WHAT YOU HAVE TO DO:
Count every line in the records below that contains the string "Green". Report that number alone.

BEGIN DATA FOR THIS EXERCISE

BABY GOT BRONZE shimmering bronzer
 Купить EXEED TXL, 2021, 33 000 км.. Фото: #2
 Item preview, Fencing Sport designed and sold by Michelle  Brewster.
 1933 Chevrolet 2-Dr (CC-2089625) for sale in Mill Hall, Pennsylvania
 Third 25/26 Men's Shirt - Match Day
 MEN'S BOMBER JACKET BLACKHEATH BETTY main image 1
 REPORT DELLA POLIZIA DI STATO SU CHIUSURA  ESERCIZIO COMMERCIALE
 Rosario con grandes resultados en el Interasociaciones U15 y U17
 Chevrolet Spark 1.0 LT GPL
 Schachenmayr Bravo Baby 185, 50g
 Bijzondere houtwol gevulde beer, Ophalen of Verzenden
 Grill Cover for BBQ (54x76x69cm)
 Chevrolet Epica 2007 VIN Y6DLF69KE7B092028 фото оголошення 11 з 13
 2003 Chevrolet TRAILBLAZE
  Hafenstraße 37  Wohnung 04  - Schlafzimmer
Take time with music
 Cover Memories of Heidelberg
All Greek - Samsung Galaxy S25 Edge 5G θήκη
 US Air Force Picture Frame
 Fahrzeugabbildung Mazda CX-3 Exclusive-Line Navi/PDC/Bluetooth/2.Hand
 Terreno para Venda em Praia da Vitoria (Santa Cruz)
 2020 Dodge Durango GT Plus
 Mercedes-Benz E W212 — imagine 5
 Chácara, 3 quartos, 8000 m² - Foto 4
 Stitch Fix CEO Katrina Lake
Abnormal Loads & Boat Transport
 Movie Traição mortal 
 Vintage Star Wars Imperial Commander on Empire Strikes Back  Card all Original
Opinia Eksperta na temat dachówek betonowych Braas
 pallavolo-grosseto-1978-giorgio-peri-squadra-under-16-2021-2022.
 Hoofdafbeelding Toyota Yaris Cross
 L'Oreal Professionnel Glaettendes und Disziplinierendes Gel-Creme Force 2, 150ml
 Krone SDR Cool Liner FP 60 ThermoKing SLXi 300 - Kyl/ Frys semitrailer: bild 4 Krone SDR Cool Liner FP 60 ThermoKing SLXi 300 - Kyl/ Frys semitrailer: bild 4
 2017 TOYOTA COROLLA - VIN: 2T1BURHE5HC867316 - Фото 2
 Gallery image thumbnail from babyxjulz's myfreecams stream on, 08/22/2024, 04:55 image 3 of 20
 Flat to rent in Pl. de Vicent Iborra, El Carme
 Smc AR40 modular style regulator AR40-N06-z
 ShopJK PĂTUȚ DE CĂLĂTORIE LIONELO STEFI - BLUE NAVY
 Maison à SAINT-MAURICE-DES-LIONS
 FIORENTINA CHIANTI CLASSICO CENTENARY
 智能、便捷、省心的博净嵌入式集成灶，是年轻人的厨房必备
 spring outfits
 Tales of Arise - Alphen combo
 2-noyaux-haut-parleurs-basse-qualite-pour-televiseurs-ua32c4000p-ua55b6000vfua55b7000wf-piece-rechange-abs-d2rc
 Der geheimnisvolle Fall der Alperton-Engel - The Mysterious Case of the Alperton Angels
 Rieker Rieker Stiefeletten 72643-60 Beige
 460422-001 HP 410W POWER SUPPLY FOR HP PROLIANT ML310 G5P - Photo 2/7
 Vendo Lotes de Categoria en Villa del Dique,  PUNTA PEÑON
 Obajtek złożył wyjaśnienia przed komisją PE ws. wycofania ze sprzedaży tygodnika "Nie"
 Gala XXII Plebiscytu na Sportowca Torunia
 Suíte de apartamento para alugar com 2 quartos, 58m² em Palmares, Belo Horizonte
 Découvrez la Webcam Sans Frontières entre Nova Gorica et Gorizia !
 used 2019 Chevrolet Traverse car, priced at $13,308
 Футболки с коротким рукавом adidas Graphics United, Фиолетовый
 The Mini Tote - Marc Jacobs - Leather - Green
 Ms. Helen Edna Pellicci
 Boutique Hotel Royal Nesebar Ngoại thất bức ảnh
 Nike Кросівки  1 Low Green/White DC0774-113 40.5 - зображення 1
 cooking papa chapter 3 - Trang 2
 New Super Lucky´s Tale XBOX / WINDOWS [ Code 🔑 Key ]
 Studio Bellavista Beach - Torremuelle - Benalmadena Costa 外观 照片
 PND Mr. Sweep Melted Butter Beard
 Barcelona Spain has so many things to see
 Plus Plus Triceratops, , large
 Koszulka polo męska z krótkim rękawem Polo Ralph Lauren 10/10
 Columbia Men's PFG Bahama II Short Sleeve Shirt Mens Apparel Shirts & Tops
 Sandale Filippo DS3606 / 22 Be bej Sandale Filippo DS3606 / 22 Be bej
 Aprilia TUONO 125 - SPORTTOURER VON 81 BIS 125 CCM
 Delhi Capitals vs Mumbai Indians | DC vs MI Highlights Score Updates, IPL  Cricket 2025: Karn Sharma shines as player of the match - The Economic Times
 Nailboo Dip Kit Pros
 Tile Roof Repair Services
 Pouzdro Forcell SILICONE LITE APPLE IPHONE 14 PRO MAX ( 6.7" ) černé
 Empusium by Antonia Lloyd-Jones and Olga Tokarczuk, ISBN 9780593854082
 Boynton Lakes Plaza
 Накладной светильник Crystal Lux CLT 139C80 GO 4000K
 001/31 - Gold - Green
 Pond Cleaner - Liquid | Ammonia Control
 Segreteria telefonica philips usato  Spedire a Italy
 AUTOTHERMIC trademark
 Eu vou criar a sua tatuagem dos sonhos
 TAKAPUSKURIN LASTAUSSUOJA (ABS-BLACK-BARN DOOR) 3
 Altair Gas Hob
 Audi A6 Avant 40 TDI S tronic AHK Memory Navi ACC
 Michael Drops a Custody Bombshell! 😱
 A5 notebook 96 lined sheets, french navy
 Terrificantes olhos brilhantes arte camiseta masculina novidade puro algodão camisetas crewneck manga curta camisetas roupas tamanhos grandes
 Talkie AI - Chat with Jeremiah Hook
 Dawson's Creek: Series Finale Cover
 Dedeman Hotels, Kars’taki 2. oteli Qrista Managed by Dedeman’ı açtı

END DATA FOR THIS EXERCISE

YOUR RESPONSE:
3